[CLI] Producer performance tests

In this kata, we will explore how to measure and optimize the performance of a Kafka producer. Kafka is a distributed streaming platform widely used for building real-time data pipelines and applications. Understanding the producer's throughput, latency, and resource utilization is critical for ensuring reliable and efficient data flow in production environments.
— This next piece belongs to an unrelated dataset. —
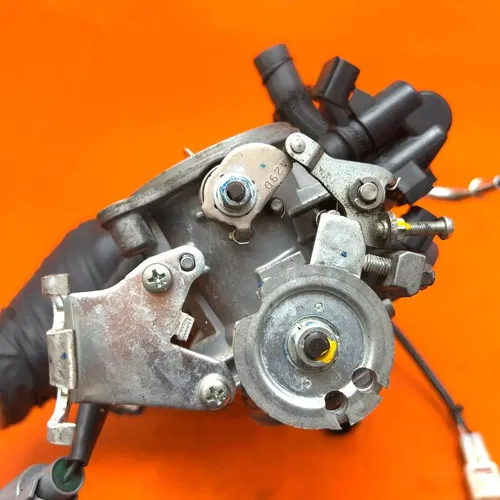 2012-2014 SUZUKI GSXR 1000 OEM MAIN FUEL INJECTORS / THROTTLE BODIES NICE!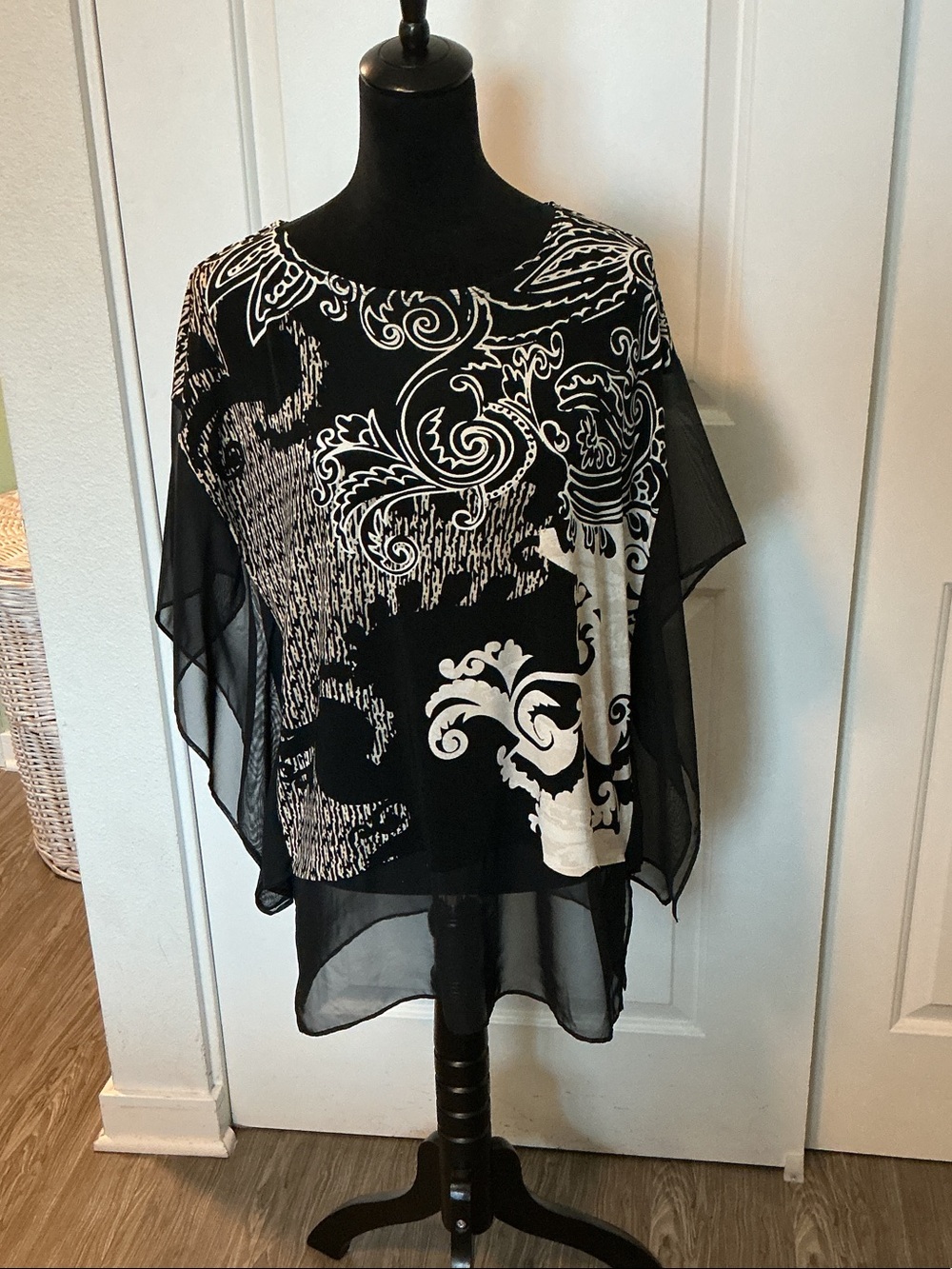 Travelers By Chico’s Black & White Sheer Printed Layered Tunic Top 1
Through this exercise, you'll learn to use tools for performance tests, analyze the results, and identify potential bottlenecks. By the end, you'll be equipped with practical techniques to tune Kafka producer settings for maximum performance.

Implementation

  1. Create a file producer.properties with given payload:
    • bootstrap.servers=localhost:9092
      #compression.type=
      #acks=
      #enable.idempotence=
      #linger.ms=
      #max.request.size=
      #batch.size=
      #buffer.memory=
  2. Download producer-perf-tests-data.json file.
  3. Run ./kafka-producer-perf-test.sh script with parameters:
    • --num-records 1000000
      --payload-file ./producer-perf-tests-data.json
      --topic topic_0
      --throughput -1
      --throughput -1
      --producer.config ./producer.properties
      --print-metrics
  4. Change producer configurations in ./producer.properties file.
    • bootstrap.servers=localhost:9092
      #compression.type=
      #acks=
      #enable.idempotence=
      linger.ms=500
      #max.request.size=
      batch.size=65536
      #buffer.memory=
  5. Run test again, compare results with previous run.
  6. Try to tweak all the other producer configuration parameters, run the tests as many times as needed.